**What is needed**
For this exercise, restate word for word only the lines from the one containing "38mm Men's Two-tone Diamond Bracelet Watch" through the last line below. Pictures do not get copied.

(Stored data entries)
/---

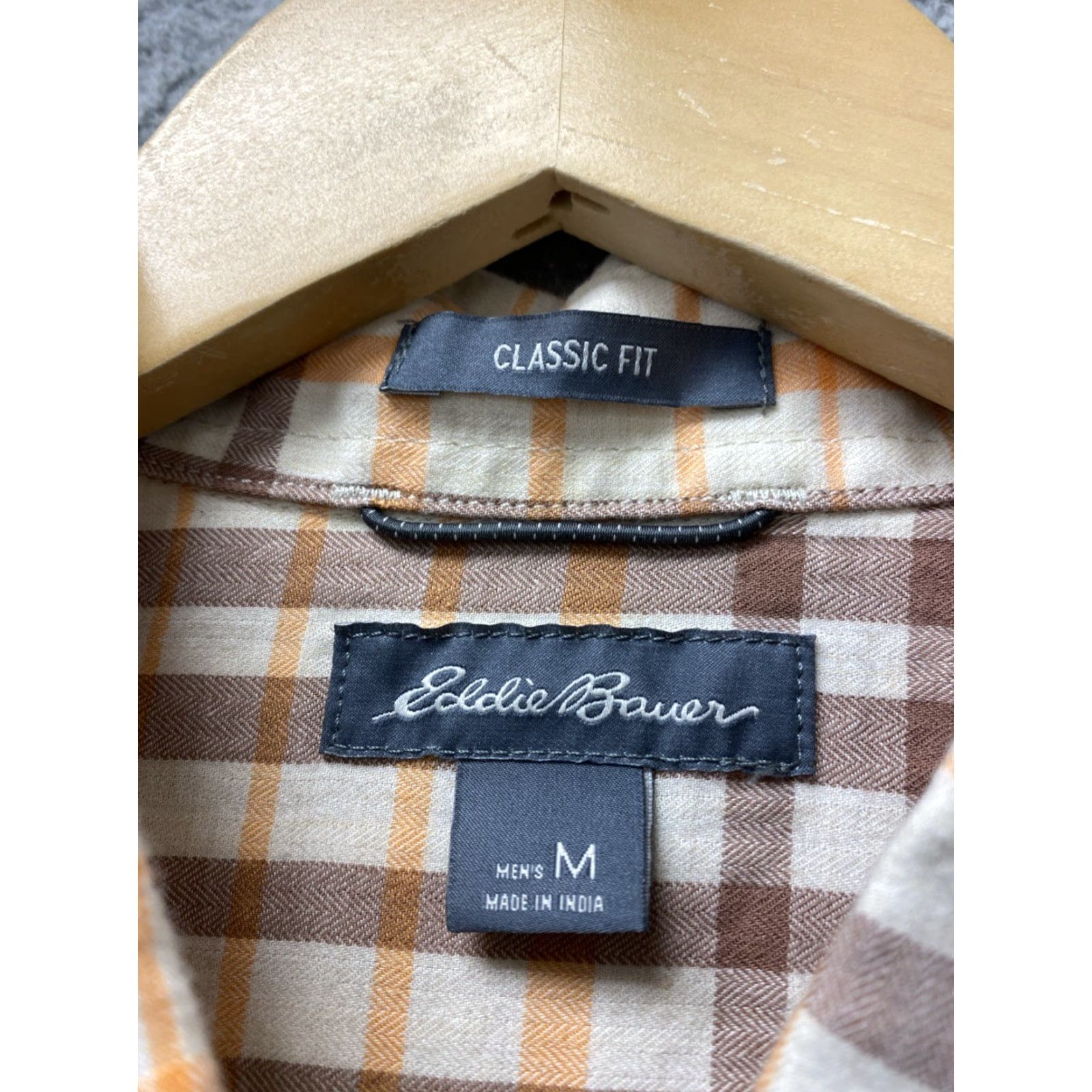 Eddie Bauer EDDIE BAUER Button Shirt Men’s M Brown Peach Plaid LS Shirt Large Light Size US M / EU 48-50 / 2 - 5 Thumbnail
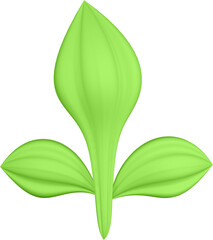 3d render of green plant leaves close up with details on a transparent isolated background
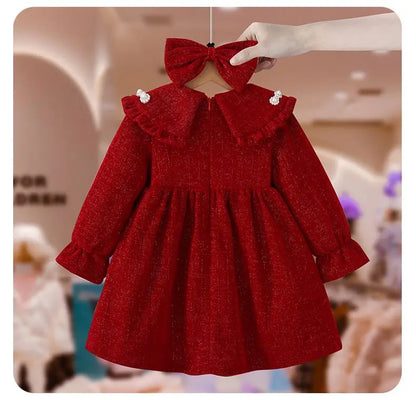 Girls Dress Autumn and Winter New Childrens Princess Baby Winter Velvet Dress Kids Clothes  baby girl dress without bow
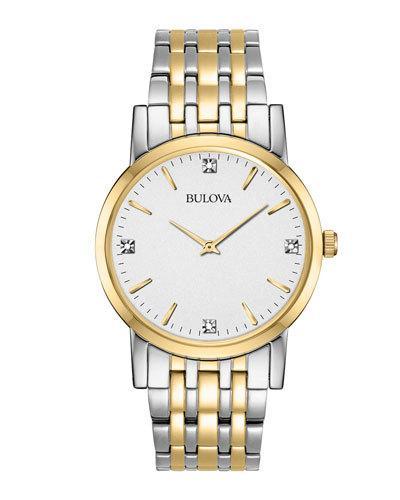 38mm Men's Two-tone Diamond Bracelet Watch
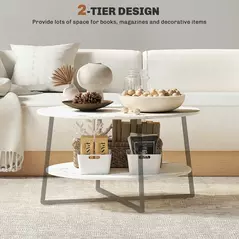 HOMCOM Two-Tier Marble-Effect Coffee Table - White/Black - 4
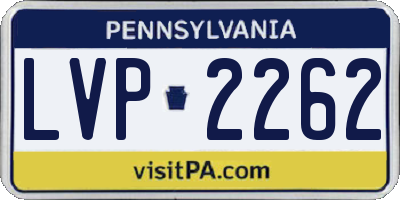 PA license plate LVP2262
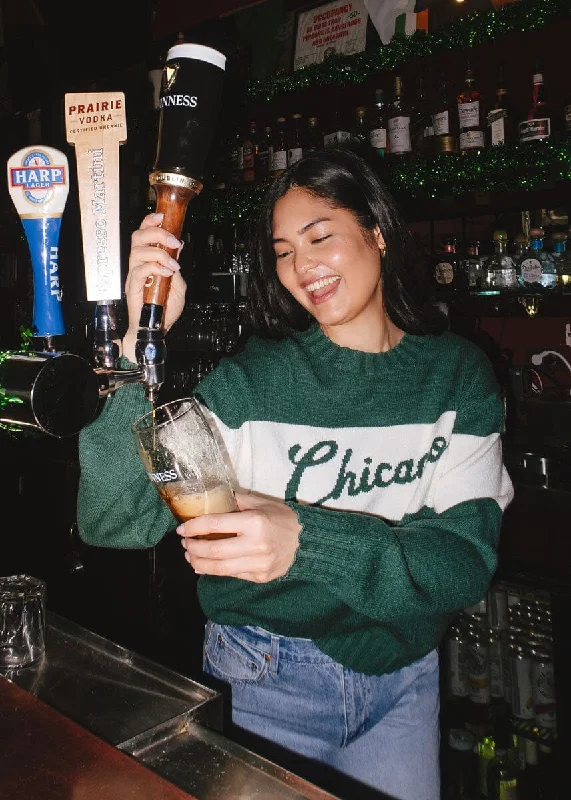 Chicago Collegiate Cursive Sweater - Green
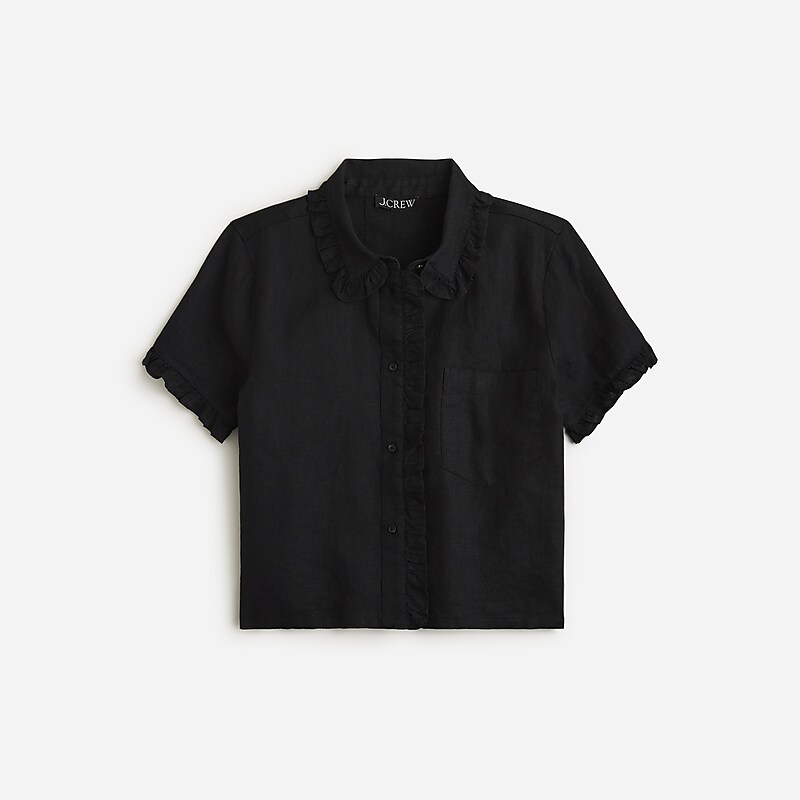 Women\'s J.Crew Ruffle-trim button-up Shirts Black USA ZAQGXPT28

\---

**Result of the exercise**
 38mm Men's Two-tone Diamond Bracelet Watch
 HOMCOM Two-Tier Marble-Effect Coffee Table - White/Black - 4
 PA license plate LVP2262
 Chicago Collegiate Cursive Sweater - Green
 Women\'s J.Crew Ruffle-trim button-up Shirts Black USA ZAQGXPT28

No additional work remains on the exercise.